Will it be heterogenous cloud native, heterogenous federated, or none of the above? Two of these are good options

Which multicloud architecture will win out?
Jeff Sheldon / Unsplash (CC0)

You would have to be living under a rock not to notice that multicloud deployments have become the new normal, for many reasons. The core arguments I’m hearing are the notions of avoiding lock-in and picking best-of-breed cloud services.

As I’ve pointed out here before, with multicloud comes complexity and the challenge of operationalizing a complex architecture. Many enterprises can move these deployments to operations (cloudops), and others are stuck in kind of a cloud computing limbo.

The easy answer is they should have planned better, but that’s not what enterprises want to hear, and to be fair to them, it’s not a productive response. They need to move forward with a multicloud architecture that will solve the prevailing business problems as well as provide a path to an optimized, multicloud architecture that won’t break operations.

Here are a few candidate architectures:

Heterogeneous cloud native. In the quest for best-of-breed, decoupled cloud computing deployment, groups are picking whatever they feel is the best technology for the job. This architecture ends up with many cloud-native services from many different public cloud providers, and that’s really causing problems. 

This does not mean that cloud native is not desirable—it is. This means we’re doing cloud native incorrectly. The issue is that few or no common services exist above the native cloud services. You’ll end up with ten different security solutions, several governance tools, and a dozen or so management and monitoring solutions. Try working with all of those at the same time and see what happens.

Heterogeneous federated. Although this seems like an old architectural pattern warmed over for cloud computing, the reality is that it’s pretty new. This architecture is able to leverage containers and container clusters, but does so by deploying to many different public clouds as federated hosts.

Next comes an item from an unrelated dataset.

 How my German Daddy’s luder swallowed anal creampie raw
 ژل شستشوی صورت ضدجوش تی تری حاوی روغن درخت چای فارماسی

This approach depends on a few things occurring. First, standards such as KubeFed, and resulting products that will use container cluster federation must appear in the market. Second, the cloud community needs to accept this architecture as something desirable, and an ecosystem will arise.

None of the above. This path means that we’re off in another architectural direction for multicloud, but what would that be? If we’re looking at the issues with heterogeneous cloud native, meaning the complexity battle that’s underway, the logical way out would be planning and developing common services, such as security, governance, management, monitoring, and even a devops approach and toolchain.

The debate is really between the lack of planning (hetero native) and the overplanning (hetero federated), and does not mandate the use of a specific, standard enabling technology, such as containers and Kubernetes.

What will win? From my point of view as long as we move away from heterogeneous cloud native and its limiting complexities, we’ll be just fine. What’s your move?